■ What is expected ■
From the line containing "Used 2025 Buick Envista Avenir image 12" through the last line of the records below, each line is to be repeated exactly; pictures are to be omitted.

■ Exercise materials ■

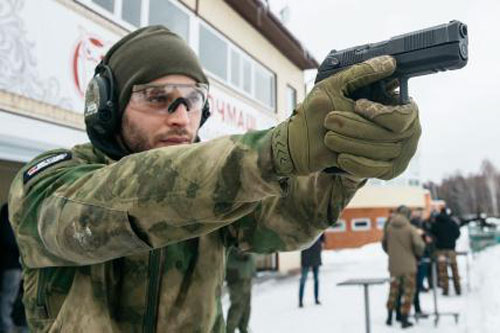 Nga trang bị súng ngắn xuyên giáp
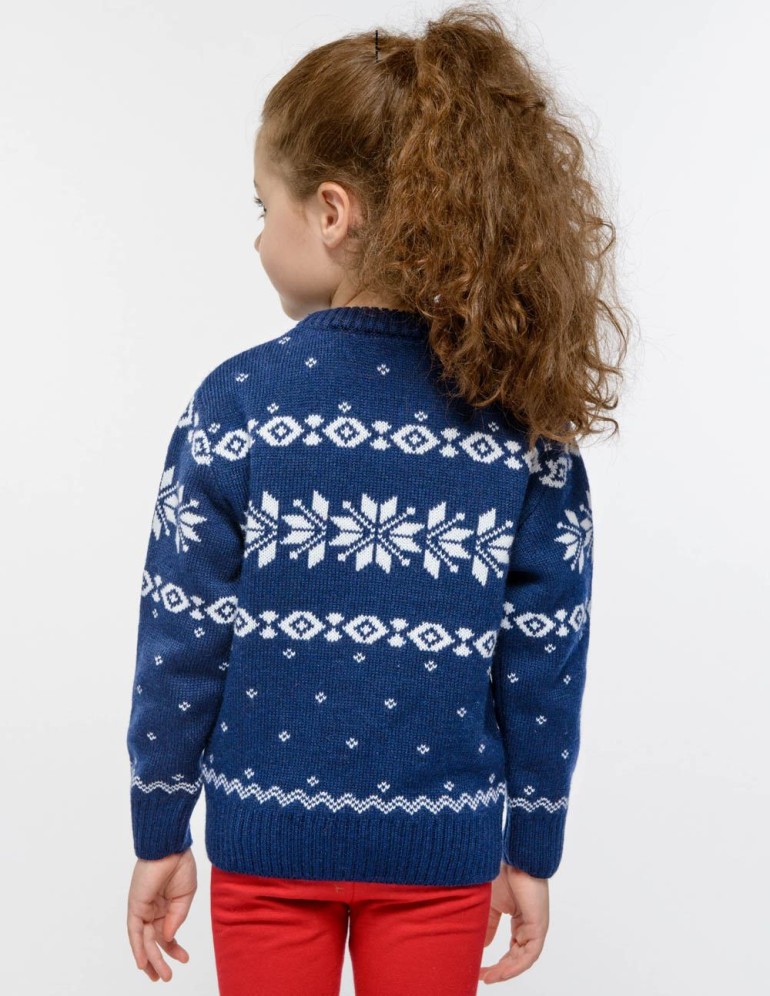 Детский свитер с оленями Классика - фото3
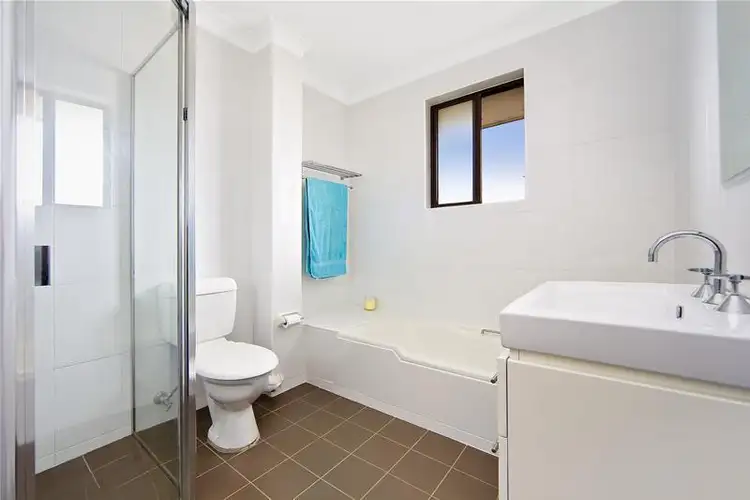 Fourth view of Homely unit listing, 8/82 Oaks Avenue, Dee Why NSW 2099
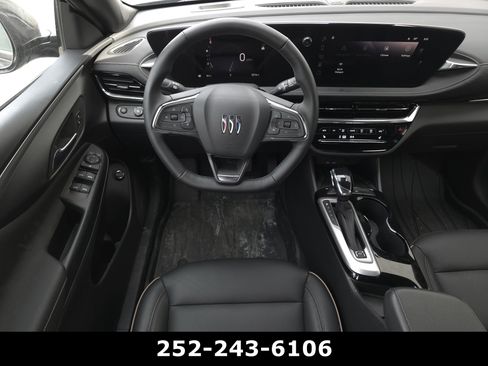 Used 2025 Buick Envista Avenir image 12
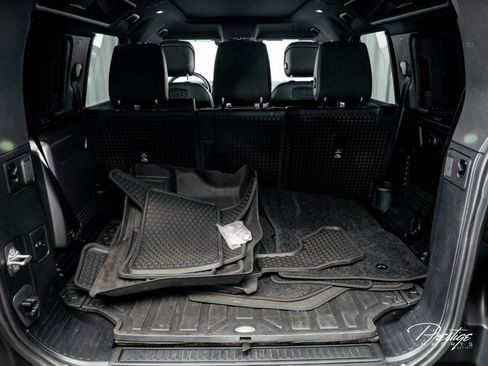 Used 2021 Land Rover Defender 110 X-Dynamic HSE image 13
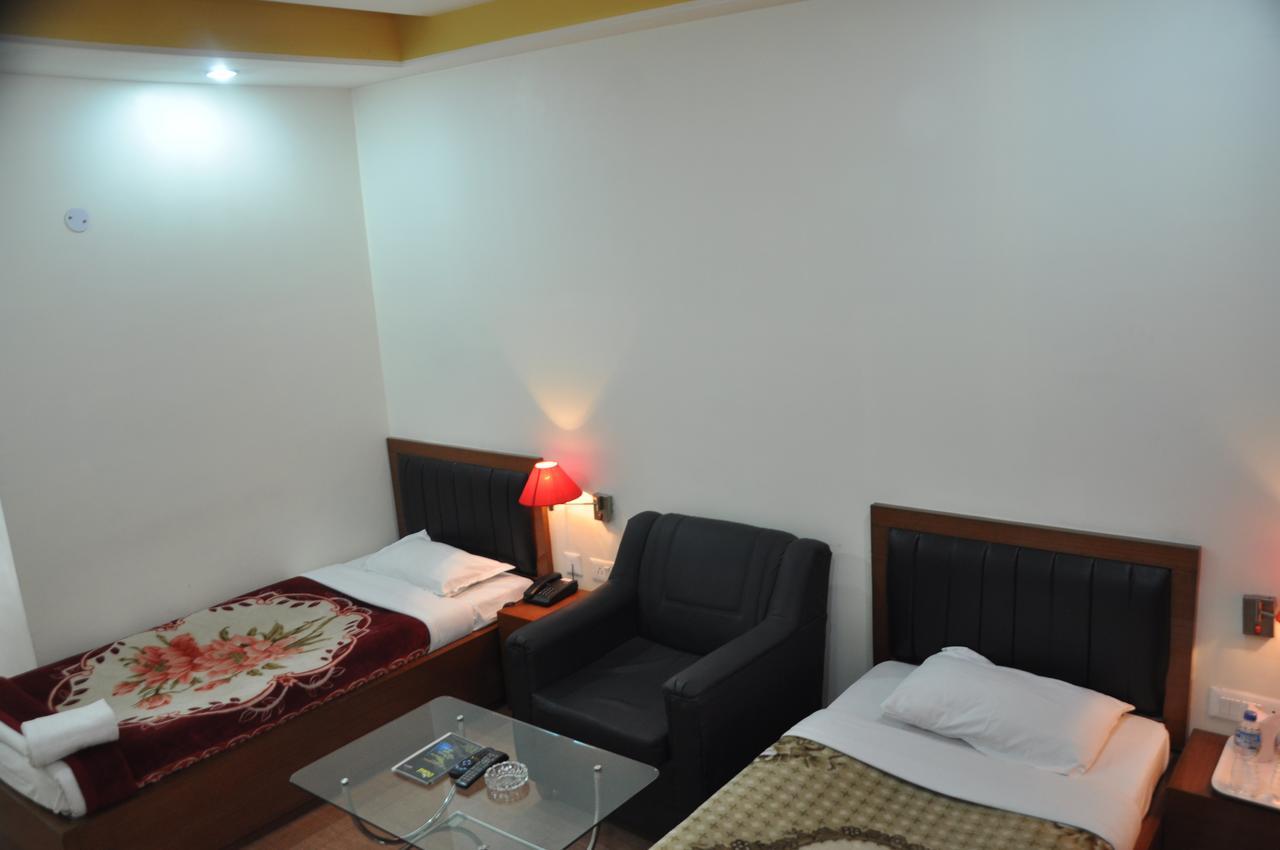 Hotel Dooars Mountain Alipur Duar Extérieur photo
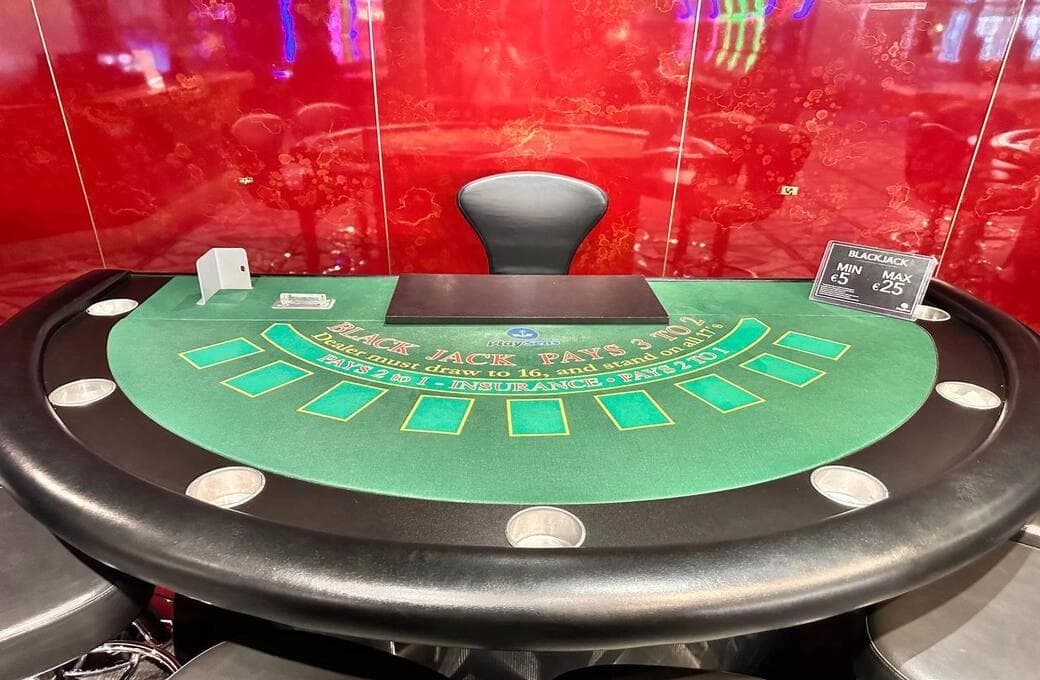 Лайнер Celestyal Journey, компании Celestyal Cruises. Фото 1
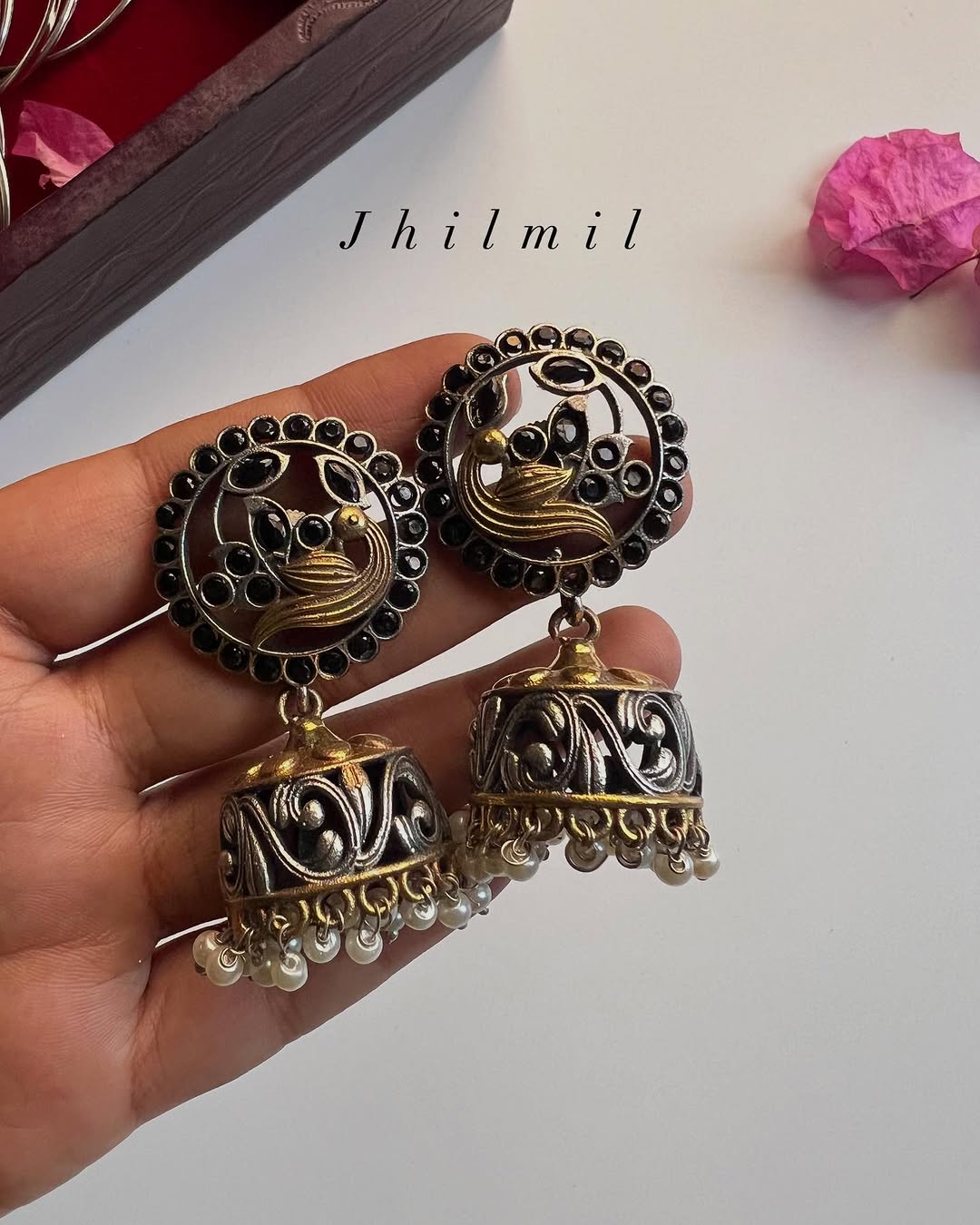 Mahfiruz dual tone jhumki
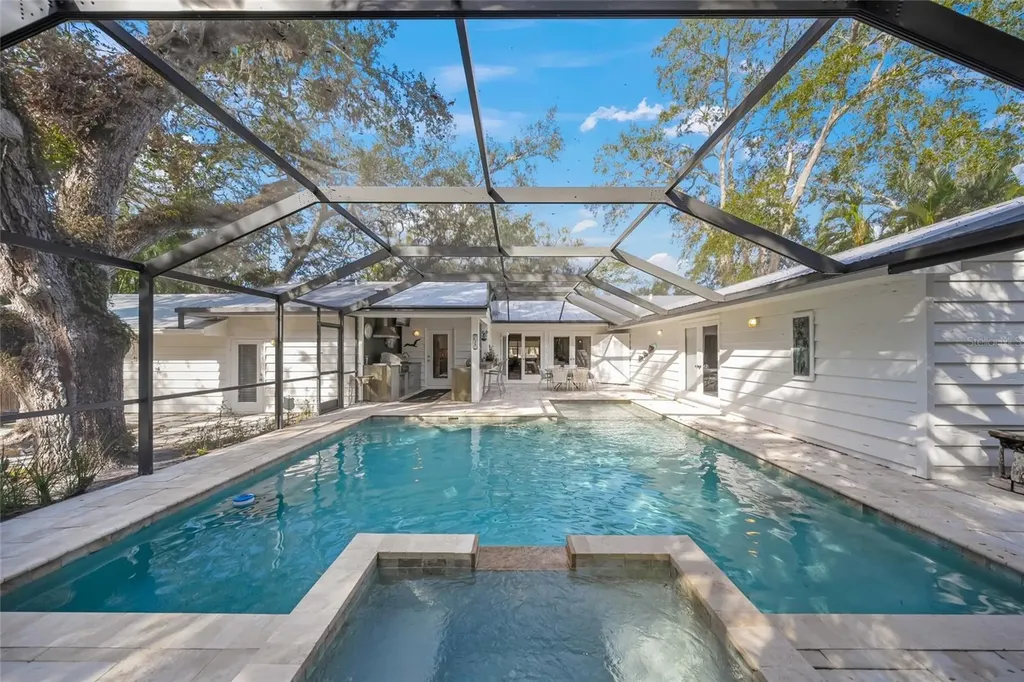 3331 Old Oak Drive Sarasota FL 34239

■ Completed task ■
 Used 2025 Buick Envista Avenir image 12
 Used 2021 Land Rover Defender 110 X-Dynamic HSE image 13
 Hotel Dooars Mountain Alipur Duar Extérieur photo
 Лайнер Celestyal Journey, компании Celestyal Cruises. Фото 1
 Mahfiruz dual tone jhumki
 3331 Old Oak Drive Sarasota FL 34239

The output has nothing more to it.